RAG and Fine-tuning Guide for O Capistaine

This guide explains how to build the knowledge base for O Capistaine, the AI assistant for the Audierne2026 campaign.

Overview: Two-Step Process

Building an effective AI assistant requires two complementary approaches:

Step	Purpose	Data	Output
1. RAG	Provide context/knowledge	Full documents	`documents.jsonl`
2. Fine-tuning	Teach style/behavior	Q&A pairs	`dataset_train.jsonl`

┌─────────────────────────────────────────────────────────────┐
│                    KNOWLEDGE PIPELINE                        │
├─────────────────────────────────────────────────────────────┤
│                                                              │
│  [Source Documents]                                          │
│       │                                                      │
│       ├──► README.md (7 category pages)                      │
│       ├──► contributions/ (issues & discussions)             │
│       └──► pdf_extracts/ (OCR from official PDFs)            │
│                    │                                         │
│         ┌─────────┴─────────┐                                │
│         ▼                   ▼                                │
│   ┌───────────┐      ┌─────────────┐                         │
│   │    RAG    │      │ Fine-tuning │                         │
│   │ (Context) │      │   (Style)   │                         │
│   └─────┬─────┘      └──────┬──────┘                         │
│         │                   │                                │
│         ▼                   ▼                                │
│   Full documents       Q&A pairs                             │
│   for retrieval        for training                          │
│         │                   │                                │
│         └─────────┬─────────┘                                │
│                   ▼                                          │
│            O Capistaine                                      │
│         (Knowledgeable +                                     │
│          Correct style)                                      │
│                                                              │
└─────────────────────────────────────────────────────────────┘

Step 1: Prepare Source Documents

1.1 Extract PDFs (Local only)

PDF extraction uses Mistral OCR API and must run locally (not in CI/CD).

# Set API key
export MISTRAL_OCR_API_KEY='your-key'

# List available PDFs
python scripts/extract_pdf_with_mistral.py --list-only

# Extract all PDFs (2s delay between requests)
python scripts/extract_pdf_with_mistral.py

# Extract specific category
python scripts/extract_pdf_with_mistral.py -c economie

# Force re-extraction
python scripts/extract_pdf_with_mistral.py --force

Output: docs/<category>/pdf_extracts/*.md

1.2 Export GitHub Contributions

This can run in GitHub Actions or locally.

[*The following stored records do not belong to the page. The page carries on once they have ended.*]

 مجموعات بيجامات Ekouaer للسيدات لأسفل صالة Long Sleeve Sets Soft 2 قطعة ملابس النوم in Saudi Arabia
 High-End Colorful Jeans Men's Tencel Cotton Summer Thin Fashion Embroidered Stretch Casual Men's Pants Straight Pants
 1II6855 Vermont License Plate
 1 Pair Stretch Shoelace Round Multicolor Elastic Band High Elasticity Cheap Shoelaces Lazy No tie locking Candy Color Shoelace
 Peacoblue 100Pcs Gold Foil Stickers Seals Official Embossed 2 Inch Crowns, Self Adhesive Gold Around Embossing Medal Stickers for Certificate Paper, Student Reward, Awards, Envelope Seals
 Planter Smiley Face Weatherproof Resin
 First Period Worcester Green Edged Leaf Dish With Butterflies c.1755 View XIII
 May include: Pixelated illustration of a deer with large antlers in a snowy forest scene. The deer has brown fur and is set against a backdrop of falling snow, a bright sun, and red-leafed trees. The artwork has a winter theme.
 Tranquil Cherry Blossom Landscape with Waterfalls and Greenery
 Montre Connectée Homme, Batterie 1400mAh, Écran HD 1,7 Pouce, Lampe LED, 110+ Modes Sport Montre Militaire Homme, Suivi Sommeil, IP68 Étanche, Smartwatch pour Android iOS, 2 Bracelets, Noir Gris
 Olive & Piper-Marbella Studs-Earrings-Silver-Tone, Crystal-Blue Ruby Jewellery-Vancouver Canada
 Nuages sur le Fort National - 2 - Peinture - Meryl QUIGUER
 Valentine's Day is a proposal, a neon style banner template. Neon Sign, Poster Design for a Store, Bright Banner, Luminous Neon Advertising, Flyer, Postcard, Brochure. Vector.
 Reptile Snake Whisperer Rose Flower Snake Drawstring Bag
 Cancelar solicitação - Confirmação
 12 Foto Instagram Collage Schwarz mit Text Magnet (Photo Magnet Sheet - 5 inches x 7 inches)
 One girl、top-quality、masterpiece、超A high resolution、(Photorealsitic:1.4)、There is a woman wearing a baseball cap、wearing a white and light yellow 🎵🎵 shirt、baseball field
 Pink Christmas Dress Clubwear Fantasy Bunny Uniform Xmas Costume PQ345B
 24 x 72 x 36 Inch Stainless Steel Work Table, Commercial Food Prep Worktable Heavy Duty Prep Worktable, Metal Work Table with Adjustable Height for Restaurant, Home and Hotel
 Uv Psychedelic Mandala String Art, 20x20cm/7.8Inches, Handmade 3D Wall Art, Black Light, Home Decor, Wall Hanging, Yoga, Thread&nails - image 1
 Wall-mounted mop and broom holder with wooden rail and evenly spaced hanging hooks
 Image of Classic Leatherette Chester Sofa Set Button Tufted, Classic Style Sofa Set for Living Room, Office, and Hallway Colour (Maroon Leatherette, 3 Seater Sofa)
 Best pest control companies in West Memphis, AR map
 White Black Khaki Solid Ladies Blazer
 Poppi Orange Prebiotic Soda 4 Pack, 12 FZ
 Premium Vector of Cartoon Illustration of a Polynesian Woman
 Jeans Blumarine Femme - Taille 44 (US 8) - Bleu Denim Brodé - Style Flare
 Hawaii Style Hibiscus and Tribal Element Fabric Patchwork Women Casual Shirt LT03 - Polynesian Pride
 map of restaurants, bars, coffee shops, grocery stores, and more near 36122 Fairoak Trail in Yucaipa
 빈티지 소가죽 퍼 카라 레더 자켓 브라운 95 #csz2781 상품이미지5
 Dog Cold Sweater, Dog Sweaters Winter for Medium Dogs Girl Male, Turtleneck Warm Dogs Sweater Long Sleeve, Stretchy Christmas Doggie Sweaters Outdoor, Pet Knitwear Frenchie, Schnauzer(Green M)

# Export all issues and discussions to markdown
python scripts/export_contributions_to_md.py

Output: docs/<category>/contributions/*.md

Step 2: Generate RAG Dataset (Full Documents)

The RAG dataset contains complete document content for semantic search and context retrieval.

python scripts/prepare_rag_dataset.py --output data/rag/documents.jsonl

RAG Document Format

{
  "id": "pdf-economie-rapport-2024",
  "category": "economie",
  "category_title": "Économie locale",
  "source_type": "pdf_extract",
  "title": "Rapport économique 2024",
  "url": "https://example.com/rapport.pdf",
  "content": "[FULL DOCUMENT CONTENT - NOT TRUNCATED]",
  "metadata": {
    "filepath": "docs/economie/pdf_extracts/rapport-2024.md",
    "char_count": 15420,
    "word_count": 2341,
    "pages": 12
  }
}

Upload to Mistral for RAG

curl -X POST "https://api.mistral.ai/v1/files" \
  -H "Authorization: Bearer $MISTRAL_API_KEY" \
  -F "file=@data/rag/documents.jsonl" \
  -F "purpose=retrieval"

Step 3: Generate Fine-tuning Dataset (Q&A Pairs)

The fine-tuning dataset teaches the model how to respond (tone, format, persona).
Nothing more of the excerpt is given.